■ TASK DETAILS
Take the data below and copy exactly the lines starting at the one with "WW2 German Wehrmacht" and finishing at the one with "2 Bedroom Townhouse", both included.

■ PROVIDED RECORDS
Segment Open
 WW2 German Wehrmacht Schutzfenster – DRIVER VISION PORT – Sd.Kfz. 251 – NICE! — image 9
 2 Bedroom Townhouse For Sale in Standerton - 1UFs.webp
Segment Closed
Segment Open
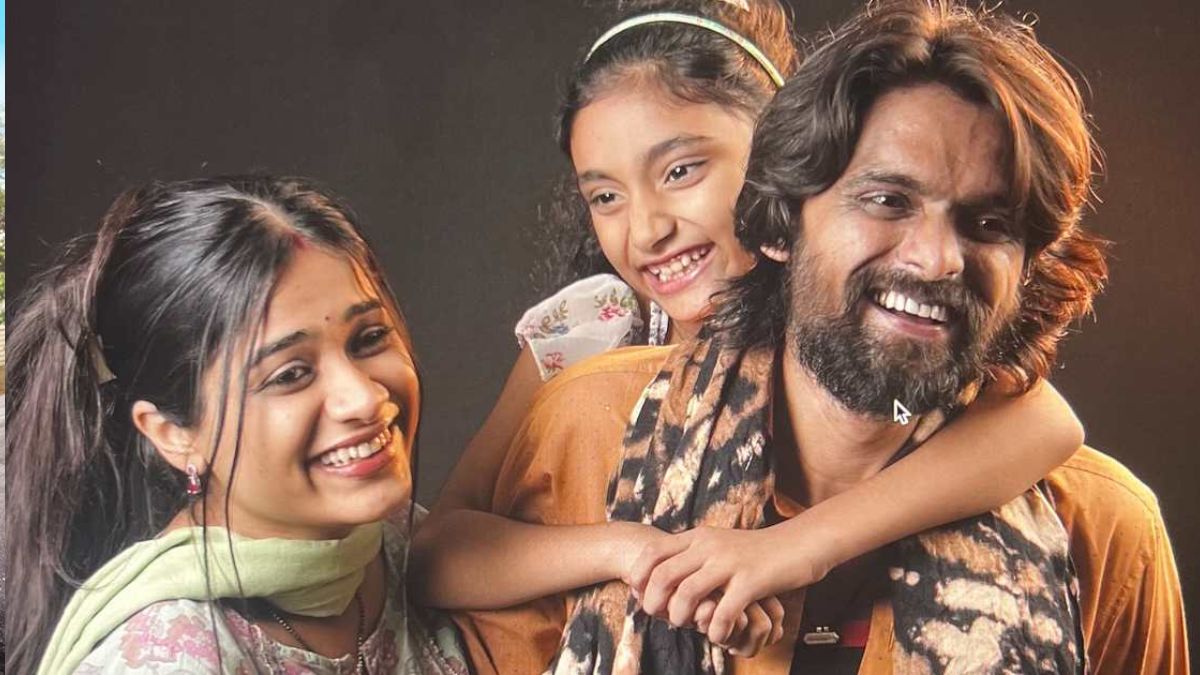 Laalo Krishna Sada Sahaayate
Segment Closed
■ RESULT OF THIS EXERCISE
 WW2 German Wehrmacht Schutzfenster – DRIVER VISION PORT – Sd.Kfz. 251 – NICE! — image 9
 2 Bedroom Townhouse For Sale in Standerton - 1UFs.webp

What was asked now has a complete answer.